Ke'Haan is a fictional character featured in comic books published by DC Comics. He is a very tall, well-muscled humanoid alien with reddish-orange skin, a partially bald head and three brown locks down the center of his head. Other distinguishing features include a pair of bull-like horns. He first appeared in Green Lantern (vol. 3) #49 (February 1994): "Emerald Twilight Part Two: The Present".

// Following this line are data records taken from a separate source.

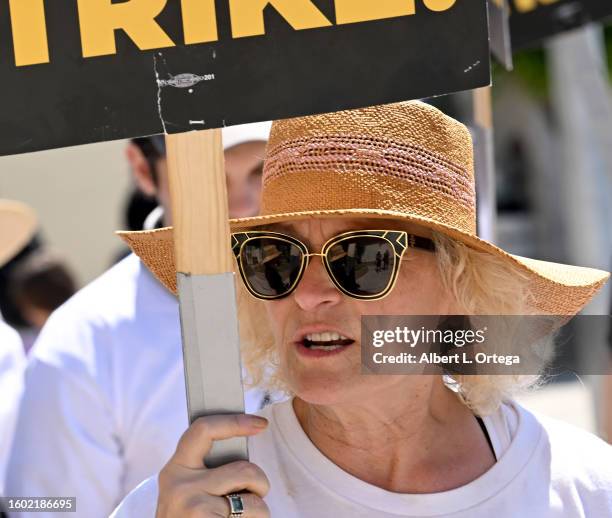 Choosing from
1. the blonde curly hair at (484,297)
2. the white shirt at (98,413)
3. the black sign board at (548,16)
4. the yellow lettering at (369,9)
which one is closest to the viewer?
the yellow lettering at (369,9)

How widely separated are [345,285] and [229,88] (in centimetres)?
44

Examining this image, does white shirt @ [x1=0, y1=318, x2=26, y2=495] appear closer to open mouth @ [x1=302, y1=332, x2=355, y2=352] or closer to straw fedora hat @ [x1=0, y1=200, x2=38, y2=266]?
straw fedora hat @ [x1=0, y1=200, x2=38, y2=266]

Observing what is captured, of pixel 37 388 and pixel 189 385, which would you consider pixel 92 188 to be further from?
pixel 189 385

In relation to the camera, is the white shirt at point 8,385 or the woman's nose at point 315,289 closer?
the woman's nose at point 315,289

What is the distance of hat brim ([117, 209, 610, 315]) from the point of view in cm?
193

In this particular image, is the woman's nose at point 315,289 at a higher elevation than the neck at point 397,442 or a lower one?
higher

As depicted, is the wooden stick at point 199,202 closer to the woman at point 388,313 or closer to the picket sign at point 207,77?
the picket sign at point 207,77

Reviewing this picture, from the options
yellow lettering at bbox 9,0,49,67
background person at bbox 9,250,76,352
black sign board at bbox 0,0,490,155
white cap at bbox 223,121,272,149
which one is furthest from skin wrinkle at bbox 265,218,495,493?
background person at bbox 9,250,76,352

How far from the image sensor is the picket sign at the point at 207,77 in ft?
5.25

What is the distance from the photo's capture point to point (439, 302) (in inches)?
→ 80.8

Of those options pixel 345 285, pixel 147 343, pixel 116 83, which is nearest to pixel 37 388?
pixel 147 343

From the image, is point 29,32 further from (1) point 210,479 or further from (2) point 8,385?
(2) point 8,385

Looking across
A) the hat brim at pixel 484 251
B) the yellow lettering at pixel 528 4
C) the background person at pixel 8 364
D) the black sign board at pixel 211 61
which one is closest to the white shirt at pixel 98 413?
the background person at pixel 8 364

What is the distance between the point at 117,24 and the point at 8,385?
5.50 feet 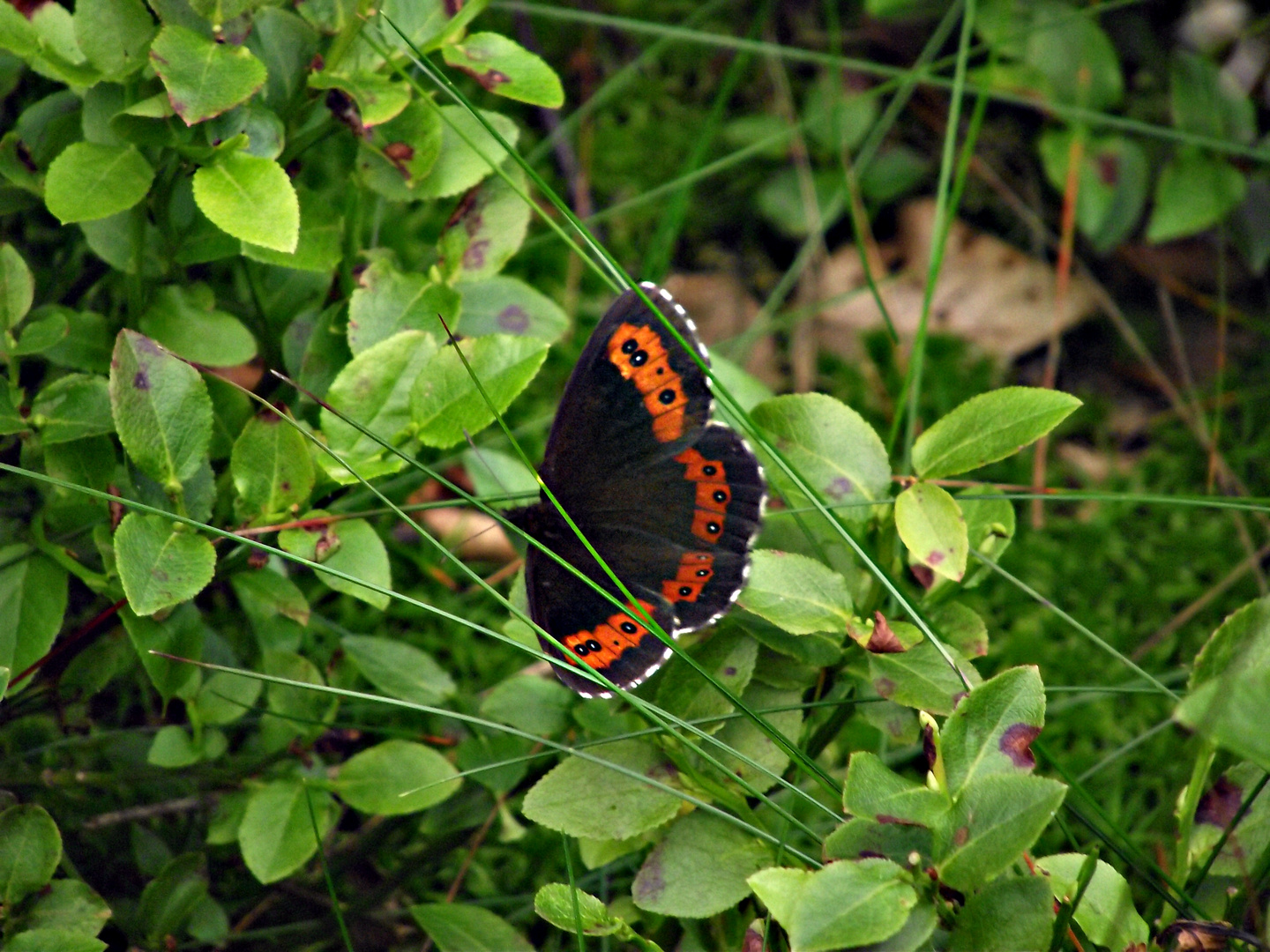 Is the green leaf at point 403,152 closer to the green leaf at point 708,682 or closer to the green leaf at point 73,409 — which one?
the green leaf at point 73,409

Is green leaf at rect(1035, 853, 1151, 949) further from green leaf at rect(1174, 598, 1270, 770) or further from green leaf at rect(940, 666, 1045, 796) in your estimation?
green leaf at rect(1174, 598, 1270, 770)

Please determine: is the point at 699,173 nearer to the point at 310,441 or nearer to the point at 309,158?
the point at 309,158

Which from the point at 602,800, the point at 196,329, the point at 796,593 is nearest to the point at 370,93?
the point at 196,329

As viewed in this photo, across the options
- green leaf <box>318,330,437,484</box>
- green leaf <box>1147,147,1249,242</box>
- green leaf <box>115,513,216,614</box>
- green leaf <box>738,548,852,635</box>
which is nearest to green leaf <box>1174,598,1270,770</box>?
green leaf <box>738,548,852,635</box>

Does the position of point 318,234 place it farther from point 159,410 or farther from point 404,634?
point 404,634

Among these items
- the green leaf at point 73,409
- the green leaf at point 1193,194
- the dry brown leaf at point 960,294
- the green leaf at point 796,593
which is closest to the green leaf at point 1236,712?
the green leaf at point 796,593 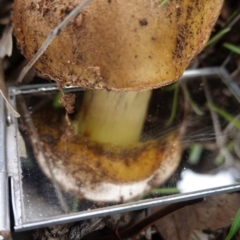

Fictional character biography

History
Ke'Haan of Varva past was formerly the second in command to Green Lantern trainer Kilowog. He was also the designated protector of sector 786. Together, he and Kilowog were the top trainers for newly appointed Green Lantern Corps recruits. Over the course of his life, he was regarded as the toughest teacher on Oa. However this tough training was noted for producing some of the toughest Lanterns found in the corps. When Sector 112 was without a Lantern, he took Kentor Omoto's daughter Laira under his wing. Within her, he found a kindred spirit and she became his prized pupil. Within the Corps, it became heavily implied and whispered that he and Laira were more than teacher and pupil despite the fact that he had a family on his native planet Indeed, they could often be found together on most of their missions.

Emerald Twilght
When the entity known as Parallax corrupted fellow Green Lantern Hal Jordan, the Guardians dispatched Ke'Haan and Laira to stop him from reaching Oa. The pair found themselves outmatched as Jordan, powered by rage and psychosis, tore through them. Surprisingly, despite his imposing figure, years of experience, and overwhelming strength, Ke'Haan was the first to fall to Jordan, while his pupil Laira, while still losing, fared much better in her attempts at stopping Jordan.

Return and death
Believed dead after his battle with Hal Jordan, Ke'Haan, along with fellow GLs Graf Toren, Laira, Kreon, Boodikka, and Tomar-Tu, was captured by the Manhunters and taken to the forbidden Sector 3601 to be used as energy cells for the planet Biot.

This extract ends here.